What to work on ▸ Every record that follows must be duplicated exactly, with images left out.

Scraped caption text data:
* * * *

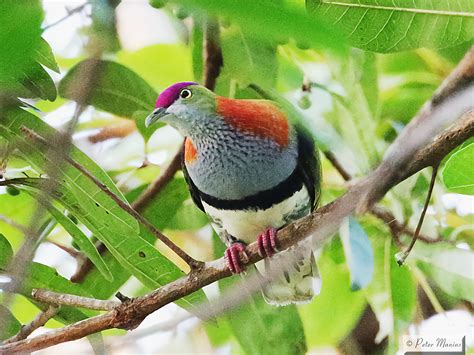 Superb Fruit-Dove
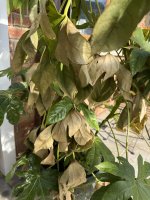 IMG_8927.jpeg
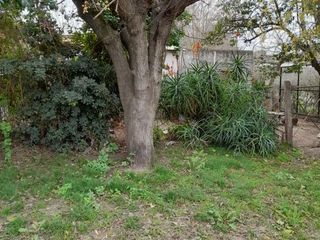Foto 3 de Terreno en venta - 348Mts2 - Coronel Brandsen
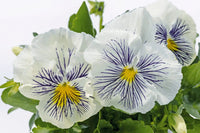 White Blue Wittrockiana Flower seeds for Planting - Easy to Grow, Heirloom & GMO Free Seeds for Home Garden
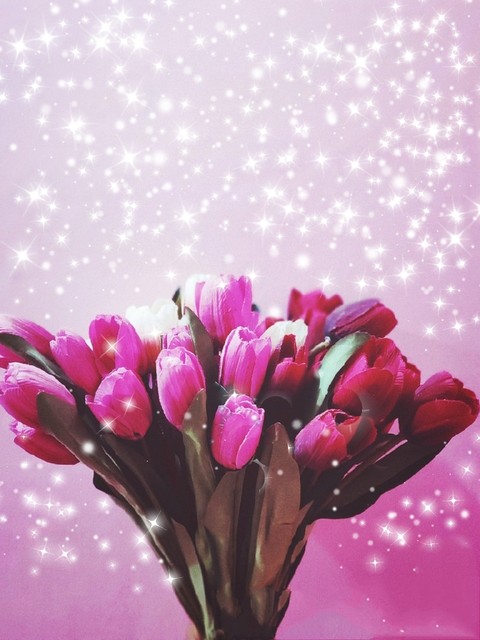 Tulpen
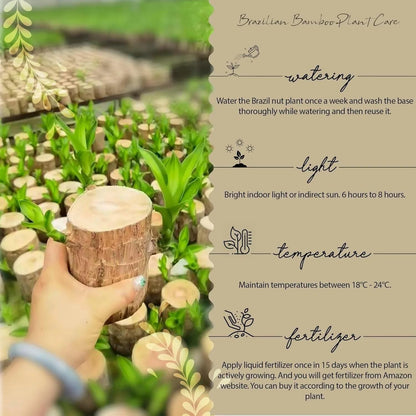 Brazilian Lucky Wood Mini Plant Décor – Fortune & Elegance Combined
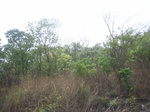4019RIMG0323.JPG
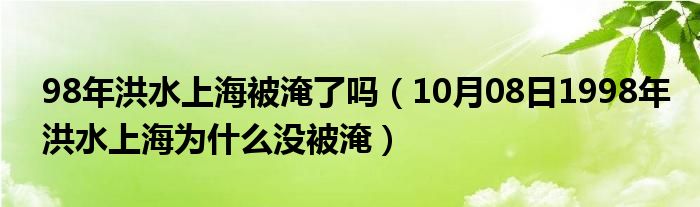 98年洪水上海被淹了吗（10月08日1998年洪水上海为什么没被淹）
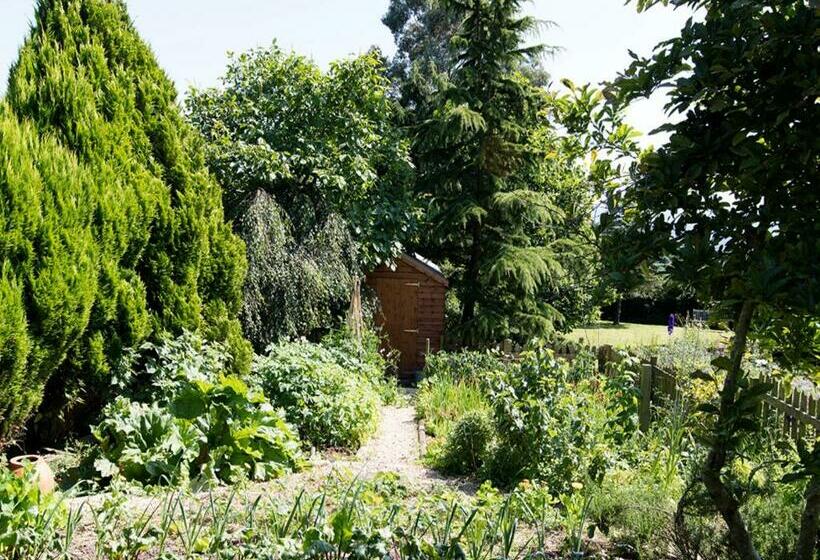 اتاق لوکس با تخت بزرگ, The Graig Bed & Breakfast Ludlow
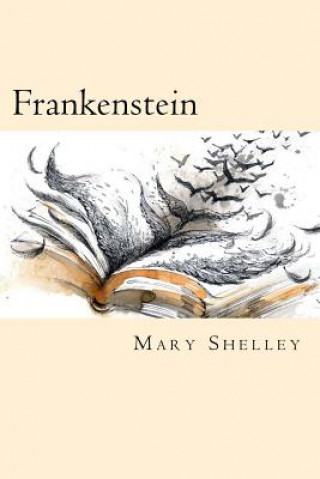 Buch Frankenstein Mary Shelley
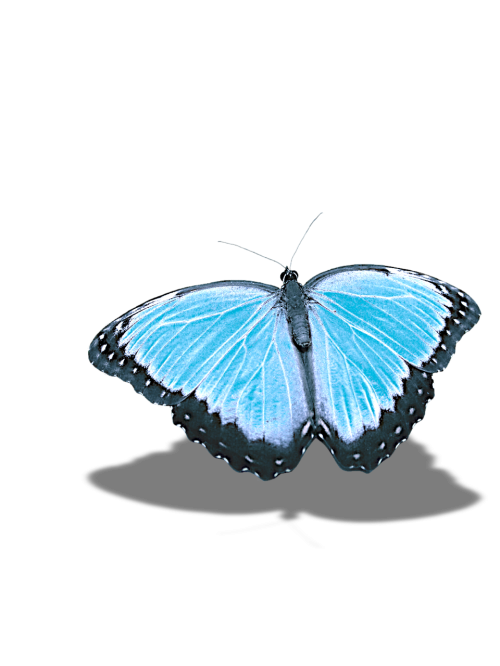 butterfly without background shadow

* * * *

Written answer ▸
 Superb Fruit-Dove
 IMG_8927.jpeg
Foto 3 de Terreno en venta - 348Mts2 - Coronel Brandsen
 White Blue Wittrockiana Flower seeds for Planting - Easy to Grow, Heirloom & GMO Free Seeds for Home Garden
 Tulpen
 Brazilian Lucky Wood Mini Plant Décor – Fortune & Elegance Combined
4019RIMG0323.JPG
 98年洪水上海被淹了吗（10月08日1998年洪水上海为什么没被淹）
 اتاق لوکس با تخت بزرگ, The Graig Bed & Breakfast Ludlow
 Buch Frankenstein Mary Shelley
 butterfly without background shadow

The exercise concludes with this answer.